A tag-along right means that if one of the other shareholders sells shares to a third party, the other shareholders have the right to sell the same share of their holding as the original seller. A drag-along obligation, on the other hand, obliges (e.g. founder shareholders) to sell their holding to a third party if an investor has made decisions to sell and the buyer requires this. The aim of the clause is, above all, to secure a business angel’s possibilities to withdraw from his or her investment in an industrial exit, in other words, by selling the shares to an industrial buyer. In practice, however, there are limits to invoking the clause, as an industrial buyer often wants to acquire, besides the company’s know-how or technology, the management as well.
Other conditions (time interval, turnover, etc.) may also be agreed for a tag-along provision on the basis of which they are valid.

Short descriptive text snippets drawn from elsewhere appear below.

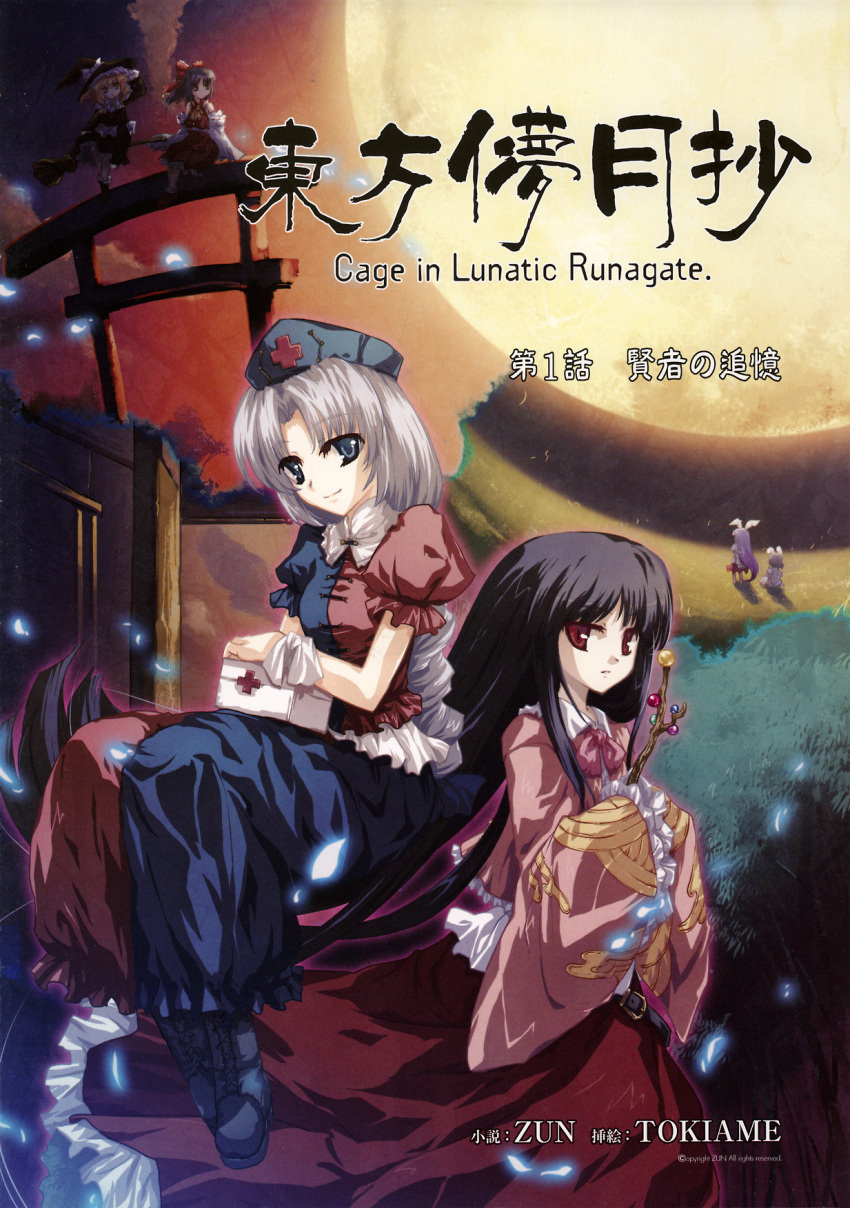 6+girls, branch, cage_in_lunatic_runagate, cover, cover_page, hakurei_reimu, highres, houraisan_kaguya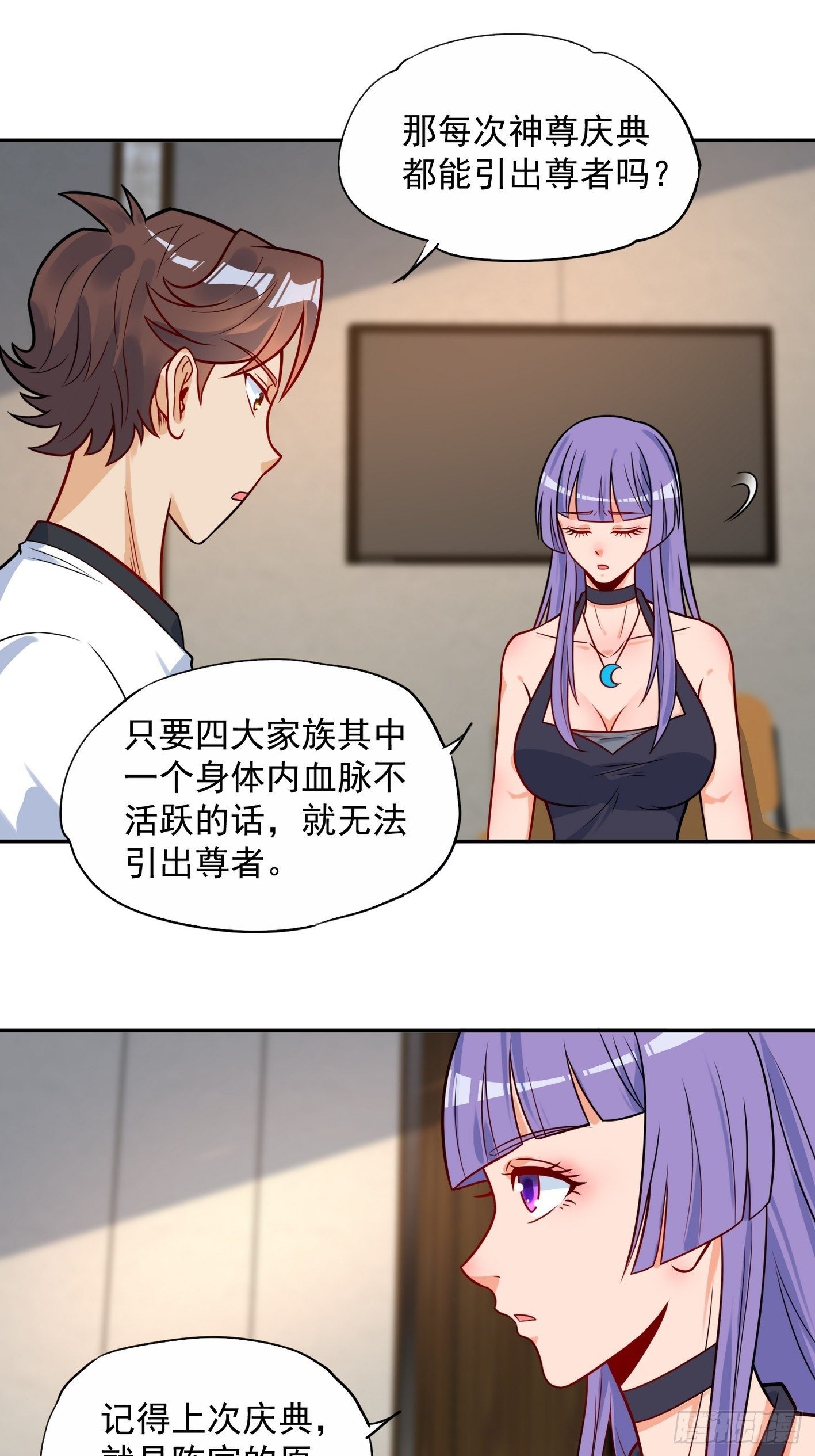 53 暗潮涌动-第54话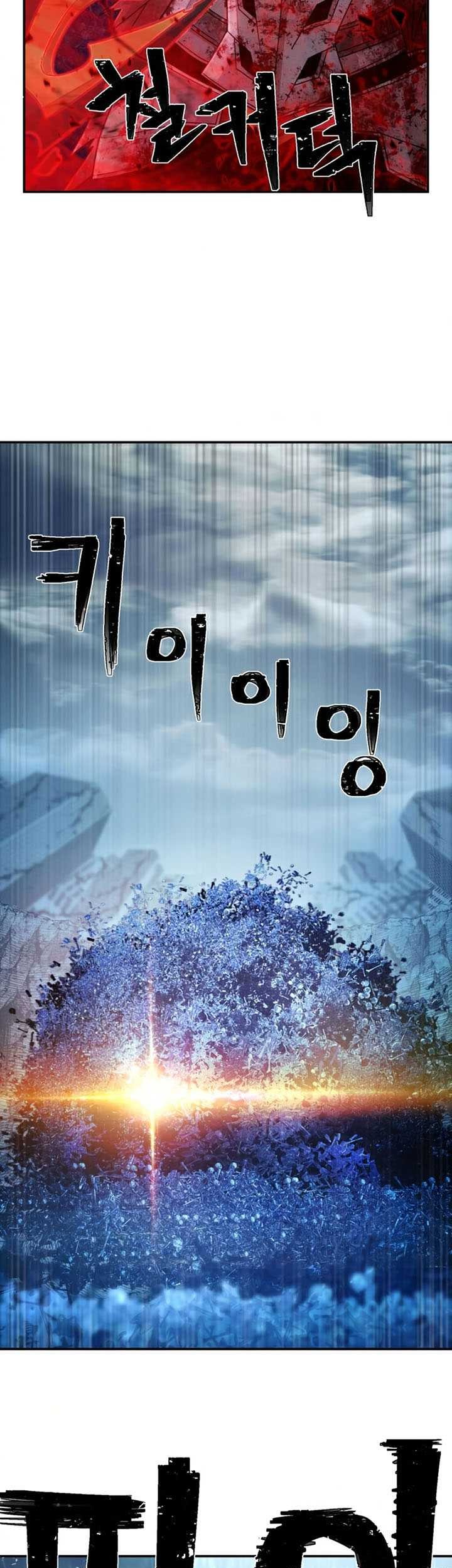 Hero Has Returned Chapter 46 Gambar 47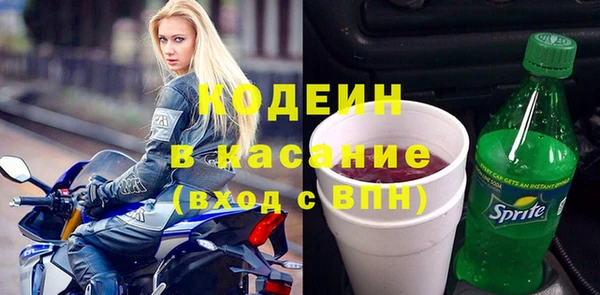 ГАЛЛЮЦИНОГЕННЫЕ ГРИБЫ Абинск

The aim of an anti-lockout clause is to provide the founder shareholders in an acquisition situation with an opportunity to purchase all the shares for themselves under the same terms and conditions as a third party would have purchased them if the founder shareholders do not want to relinquish their holding.
Frequently, a redemption clause, which is more detailed and stringent than articles of association, is specified for shareholders. This ensures that the company’s shares do not end up in the hands of undesirable persons or investors. Occasionally, a provision securing the exit of investors too (compulsory purchases of investors’ shares) is specified. It is triggered if someone purchases alone or together with fellow investors over half the company’s shares and thus obtains control of the company.